Research events highlight UIndy-Community Health Network partnership

The University of Indianapolis held the first annual Health Pavilion Scholarship Day in May to showcase research conducted by students and faculty in the health sciences disciplines. Held in tandem with the Community Health Network Research Symposium on campus, the events highlighted the growing partnership between the University of Indianapolis and Community Health Network.

UIndy students show research posters in the atrium of the Health Pavilion as part of the first annual Health Pavilion Scholarship Day hosted by the Health Science Colleges on Friday, May 19, 2017. The event was followed by the Second Annual Multidisciplinary Scholarly Activity Symposium held by Community Health Network with UIndy partnership support. Chad Priest, RN, JD, Chief Executive Officer of he American Red Cross of Indiana Region, is the speaker delivering a keynote on "The Healthcare Professionals of the Future" in Schwitzer following the luncheon. (Photo: D. Todd Moore, University of Indianapolis)
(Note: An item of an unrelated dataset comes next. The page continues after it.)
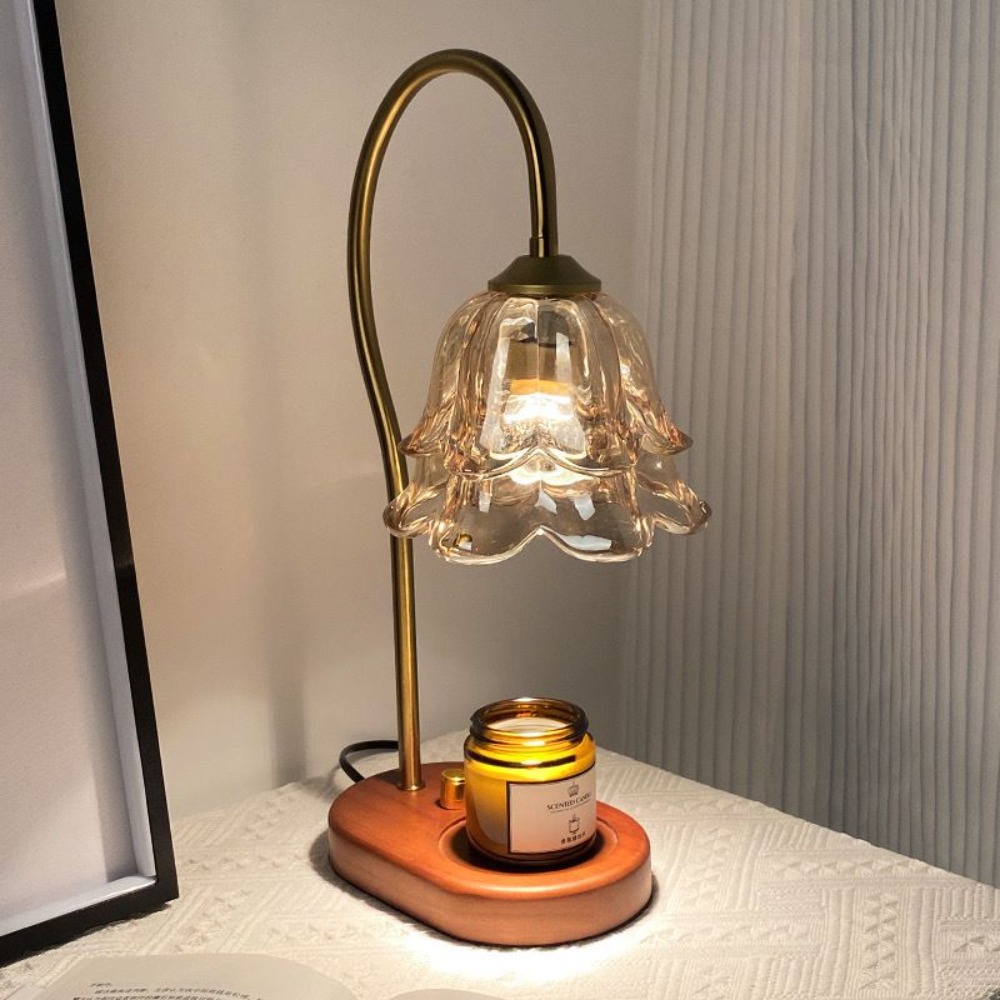 Home Fragrance French - Lampe fondue à cire rétro française,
More than 20 faculty and students showcased their research experiences  at the Scholarship Day event held in the morning, which was hosted by all of the disciplines within the Health Pavilion. In the afternoon, keynote speakers Chad Priest and Ileana Ponce-Gonzalez of Community Health Network addressed issues surrounding the health care professions at the Community Health Network Research Symposium.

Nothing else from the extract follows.